Los soldados de EE.UU. saludan a este antiguo pueblo humillado con un insultante «Welcome to Iraq»

Ante el expolio y los saqueos de Bagdad, las autoridades jordanas decidieron imponer un draconiano y minucioso registro de los equipajes de los transeúntes a fin de tratar de recuperar valiosos objetos de arte, antigüedades y piezas no sólo de museos y palacios, sino de muchas casas particulares. Corrió el rumor de que periodistas árabes y occidentales querían sacarlos de Iraq. Así, los libros en inglés sobre la historia contemporánea iraquí y una pequeña estatuilla con pie de mármol de un aguador, comprados por un puñado de dinares en la calle de Al Mutanabi, donde arman la feria de libros viejos y de segunda mano, me fueron decomisados sin contemplaciones. Pude salvar unas grandes fotografías de la juventud de Saddam Hussein y la matrícula del Volkswagen con el que se perpetró la tentativa de asesinato de 1959 contra el coronel Kassem, que había derrocado al rey Faisal. 

Los que formábamos parte del convoy, organizado por mis amigos de France Presse, que ya habíamos sufrido las molestias de los marines que impidieron la entrada de nuestros vehículos en el hotel Palestina, padecimos la inapelable conducta de los aduaneros hachemitas. 

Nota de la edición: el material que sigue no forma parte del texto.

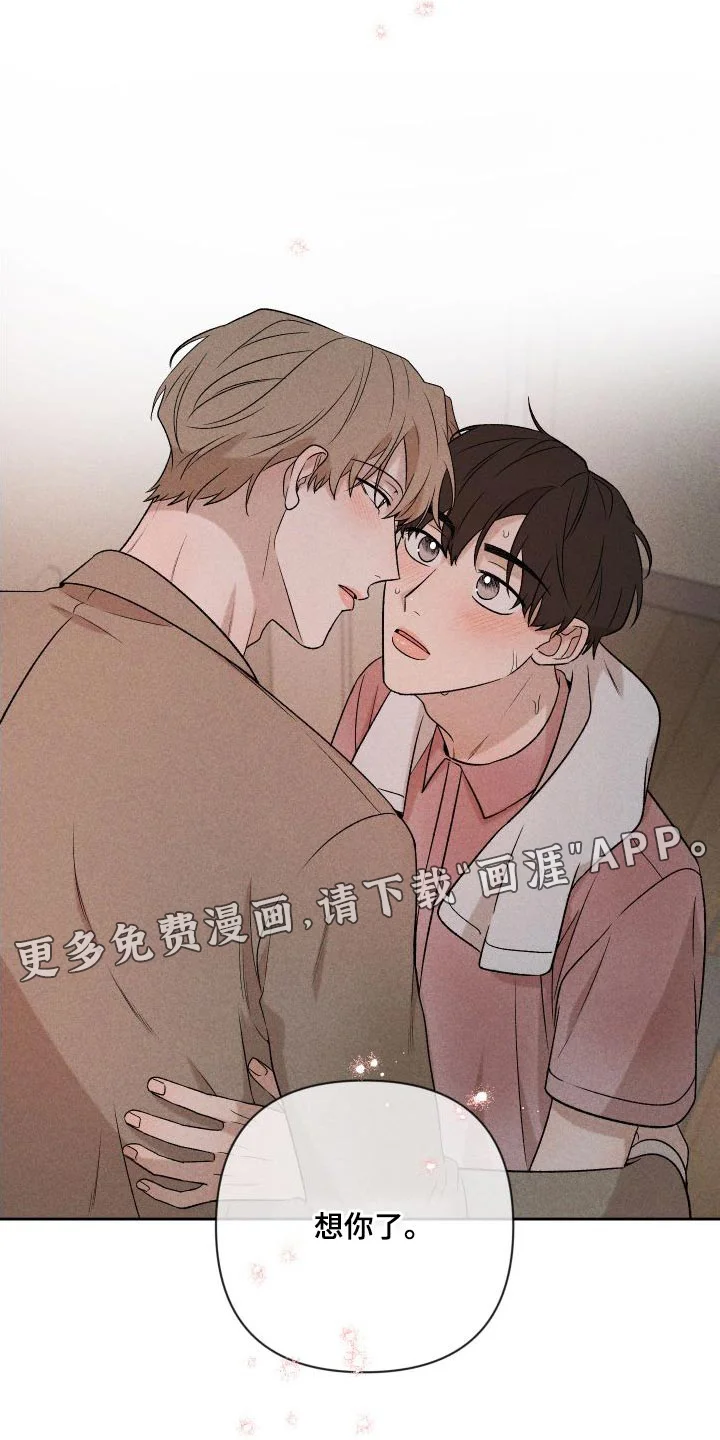别让我心动 第87章：【第二季】太想你了 第29页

Para mi desgracia, el viaje que al día siguiente debía emprender en avión desde Ammán a Beirut fue doloroso. Las autoridades aduaneras no distinguieron al principio en el aeropuerto el tampón estampado de la entrada, ni mi pobre canario tenía el certificado de un veterinario iraquí. Los representantes de la seguridad del aeropuerto además se alarmaron al encontrar casquetes vacíos de proyectiles norteamericanos, machacados y quemados, que me llevaba en la cartera como recuerdo de la batalla de Bagdad. No pude subir al avión. Viajé cuarenta y ocho horas después, una vez esclarecido todo y provisto el pájaro debidamente de su certificado de salud. 

El sufrido Canari, que había salvado de la guerra, llegó muerto en su pobre jaula a Beirut, con su ojo derecho manchado de sangre, al ser aplastado por los bultos en la bodega del avión.

Historia triste del canario - Tomás Alcoverro
Artículo publicado en La Vanguardia el 23 de abril de 2003.